An overhead shot of the Haas F1 car with the front on the right and rear on the left in Bahrain F1 testing, 2024

Whatever the VF-24 is capable of in the short-term, Komatsu made damn well sure Haas devoted as much time as possible to squeeze the most from it in testing. That led to the team completing more long runs and more laps than any other last week.

By the end of the three days of running, Komatsu was borderline satisfied that progress had been made in the team’s key area. The severity of the Sakhir track was a good reference to “expose our weaknesses”, he said. And the VF-24 seemed to stand up quite well.

The early indication is the car is performing more predictably and consistently aerodynamically. This is giving the drivers more confidence and more control over tyre management, as the aero stalls that the car seemed to suffer from at the rear are not being replicated now.

“Last year, our base car, it just wasn't consistent enough,” said Komatsu.

“So, whatever we did, either car set-up or driving, after five laps, the tyres are dead.

“It's a good step forward. I am not saying our baseline guide is fantastic. It's not, you can see that in high speed we are still lacking lots of downforce.

“But at least it's a consistent base. The drivers know what they're getting every single lap.”

The drivers are in agreement that what Komatsu calls the “quite nasty” experience of driving last year’s car has been improved.

“There’s a bit of last year's car in it, but on a higher level, on a higher scale,” reckoned Hulkenberg.

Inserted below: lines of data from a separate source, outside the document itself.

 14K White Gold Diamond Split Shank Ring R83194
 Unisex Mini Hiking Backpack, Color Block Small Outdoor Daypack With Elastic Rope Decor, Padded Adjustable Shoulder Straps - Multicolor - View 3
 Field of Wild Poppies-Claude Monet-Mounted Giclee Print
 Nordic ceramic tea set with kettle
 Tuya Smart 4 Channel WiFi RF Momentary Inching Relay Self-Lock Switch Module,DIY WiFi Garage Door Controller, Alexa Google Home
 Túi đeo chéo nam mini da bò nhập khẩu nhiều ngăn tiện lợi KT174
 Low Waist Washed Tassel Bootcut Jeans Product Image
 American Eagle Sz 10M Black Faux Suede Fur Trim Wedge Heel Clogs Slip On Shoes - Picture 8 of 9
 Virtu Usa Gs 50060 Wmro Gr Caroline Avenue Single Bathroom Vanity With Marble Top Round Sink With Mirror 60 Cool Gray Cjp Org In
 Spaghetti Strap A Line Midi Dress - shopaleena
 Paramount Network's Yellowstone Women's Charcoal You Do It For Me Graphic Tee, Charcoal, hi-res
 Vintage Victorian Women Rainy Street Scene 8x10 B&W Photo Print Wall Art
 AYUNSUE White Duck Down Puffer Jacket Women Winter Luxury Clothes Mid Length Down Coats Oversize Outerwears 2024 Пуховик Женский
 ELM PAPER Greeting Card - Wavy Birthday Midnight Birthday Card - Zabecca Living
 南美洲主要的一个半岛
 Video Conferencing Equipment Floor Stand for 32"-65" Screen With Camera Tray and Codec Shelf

“There's definitely clear improvement visible, but still further room for improvement.”

Magnussen added: “You can push a bit more, and it's a bit easier to manage the tyres.

“They don't just fall off no matter what you do.”


Kevin Magnussen, Ayao Komatsu and Nico Hulkenberg pose as the new Haas F1 car is revealed

In terms of what this means for Haas’s expectations, well, they are still rather modest. For starters, Komatsu’s merely pleased that the team’s progress indicates “we can survive the race”.

Most paddock observers feel Haas is, as Komatsu expected, at the back. But it could be competitive in the lower midfield and it would not be a surprise to see at least one Haas in Q2.

But for Haas, this season needs to be about so much more than qualifying well. Komatsu said: “In, Abu Dhabi Nico qualified P8 and we all knew there was no chance to score a point. I don’t expect that to be the case based on what we’ve seen.”

But he also points out that even degradation is relative. Komatsu's observation from testing was that every team seems to be suffering less degradation than last year. So how much has Haas really improved?

“But even with that, I think we are much more in the ballpark,” said Komatsu.

“Whereas I do remember last year here, the very first long run that we did, I was like, ‘Oh, my God’…”

A close up shot of the rear of Haas' F1 car in Bahrain F1 testing, 2024

There are things in the short-term and long-term that really encourage Haas. Komatsu says some of the progress with tyre management seen at the test, “we never saw last year”.

Magnussen reckons its “flat” 2023 development curve has been replaced by some encouraging work in the windtunnel for the VF-24’s first upgrades – something De Zordo confirmed.

“Of course, I expect bigger development this year,” De Zordo said.

“Last year at the first part of the year we hoped to find more performance. At several stages we were just stuck and it took a lot of time to change direction.

“This year, everything seems to respond a lot better.”

That cannot be taken on trust given this is a team that frequently fails to improve its car through a season.

But that almost certainly has to change in 2024 if Haas is going to fight consistently for points, because for all the positivity, expectations are being kept in check early on.

“I'm not going to come away from here that frustrated if we don't score points because we all know that we are on a mission that has just started,” said Magnussen.

“It’s a lot of change that’ll be implemented from now on and that will have an effect later on.

“In a short amount of time, we've made good progress, progress that we didn't see at all before we shifted [last year].

“So, some positive signs, but I’m still not expecting great things at the beginning.”